One clearly disruptive player in Internet communications is Google Fiber ( see “When Will the Rest of us Get Google Fiber?”) which is showing it’s possible to provide ultra-fast Internet in the United States for far less cost than people are paying now for slow service. The rub is this: most people want television with their Internet. While Google did strike some content deals to offer TV with Google Fiber, the battle for Internet service often comes down to a battle over who’s got the best content package – with sports channels being particularly in demand.
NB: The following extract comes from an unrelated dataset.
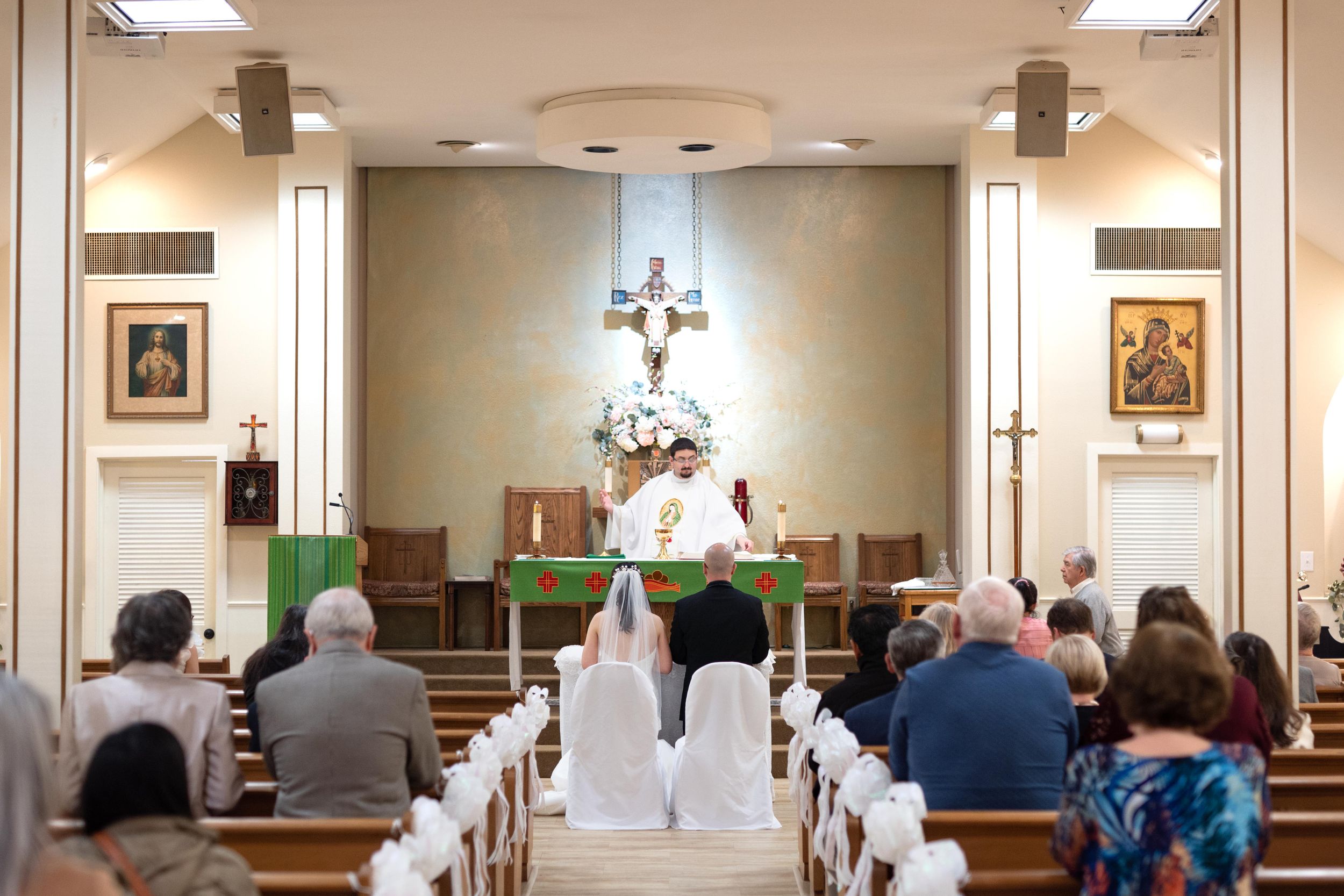 Interior of church sanctuary with white pews and altar prepared for wedding ceremony.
That’s why this post in All Things D intrigues. The writer suggest suggests Google may be interested in buying the rights to the NFL’s “Sunday Ticket” package, now offered by DirecTV, which gives football addicts every game televised in other markets, together with all manner of ways to consume game highlights. The nub of the piece: ”Today, according to sources, Google CEO Larry Page, along with YouTube content boss Robert Kyncl, met with a delegation from the NFL led by commissioner Roger Goodell. And the Sunday Ticket package was among the topics of discussion, according to people familiar with the meeting.”
A Google spokesman, Jay Nancarrow, said the company had no comment on the report. But if Google/YouTube plunked down the cash for “Sunday Ticket”–and folded it into their TV and fiber offerings–it would certainly help accelerate the course of Google Fiber’s Internet disruption in the U.S., even if some of the company’s ideas for Internet expansion abroad are a bit more outlandish (see “African Entrepreneurs Deflate Google’s Internet Balloon ”). And it could also help breathe life into Google’s other forays into television–a recently-announced dongle that lets you play Internet video on your TV (see “Google Launches a Dingle to Bring Online Video to TV”), and the set-top boxes called “Google TV” that have so far struggled in the marketplace (see “Google Breathes New Intelligence Into its TV”).